Encyclopedia

Keynesian economics has reference to a set of theoretical explanations for persistent unemployment and to specific governmental employment policies. The general notion behind Keynesian economics is that persistent unemployment derives from decreases in total private sector spending. According to Keynesian economists, the government can alleviate unemployment by increasing the total amount of spending in the economy.

Keynesian economic policy began during the European Great Depression. Some economists blamed the Great Depression on private spending. The German economist Wilhelm Lautenbach published a spending theory of unemployment in 1929, and the Nazi government acted in accordance with this theory by increasing spending on public projects and on the military. One of Keynes’s associates, Joan Robinson, remarked that “Hitler found a cure against unemployment before Keynes was finished explaining it.” In fact, in the German edition of his book, Keynes noted that “the theory of aggregated production, which is the point of the following book, nevertheless can be much easier adapted to the conditions of a totalitarian state than … under conditions of free competition and a large degree of laissez-​faire.” The Polish economist Michal Kalecki also published a similar theory of unemployment in the mid-​1930s.

In the early 1930s, Keynes debated the Austrian economist F. A. Hayek over the causes of the Great Depression. Hayek argued that the Depression was caused by the manipulation of interest rates by central banks. When Keynes published his Treatise on Money in 1930, Hayek wrote a devastating critique of this treatise. While Keynes continued to attack Hayek’s theory, he also revised his own work in response to Hayek’s criticisms.
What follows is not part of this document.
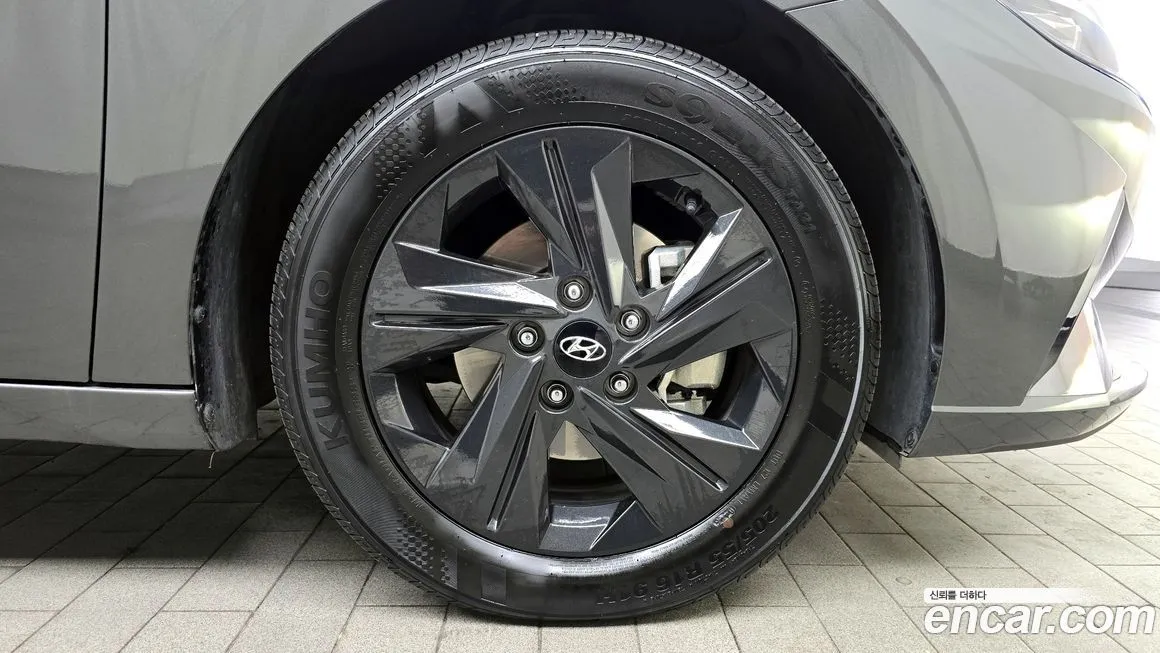 Hyundai AVANTE — фото 7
In 1931, one of Keynes’s students, Richard Kahn, developed an income-​expenditure multiplier to explain the Depression in terms of total spending. Keynes adopted Kahn’s theory of the income-​expenditure multiplier into his system, and the aggregate spending theory of unemployment was often referred to as the Kahn–Keynes theory. Keynes rose to a position of prominence in 1936 with the publication of his book The General Theory of Employment, Interest and Money. Keynes’s mentor, Alfred Marshall, had stressed the importance of prices and individual decisions, but Keynes downplayed the importance of incentives in structuring individual behavior. Keynes’s rejection of the tenets of neoclassical economics followed from his belief that output and employment are determined by irreducible aggregate forces in the economy. Individual decisions concerning relative prices, wages, and interest rates did not matter to Keynes because he thought psychological factors would override personal incentives. Keynes pointed to three fundamental psychological propensities that shaped behavior: the propensity to consume, one’s feelings regarding liquidity (i.e., money demand), and the psychological expectation of the future yield from capital assets. He concluded that the propensity to consume and the rate of new investment could cause total private spending (effective demand) to fall short of the level needed to produce full employment—two factors that hinged on psychology, rather than incentives and rational choice. In other words, if capitalists do not feel like investing and consumers do not feel like spending, then these psychological states of mind will result in mass unemployment.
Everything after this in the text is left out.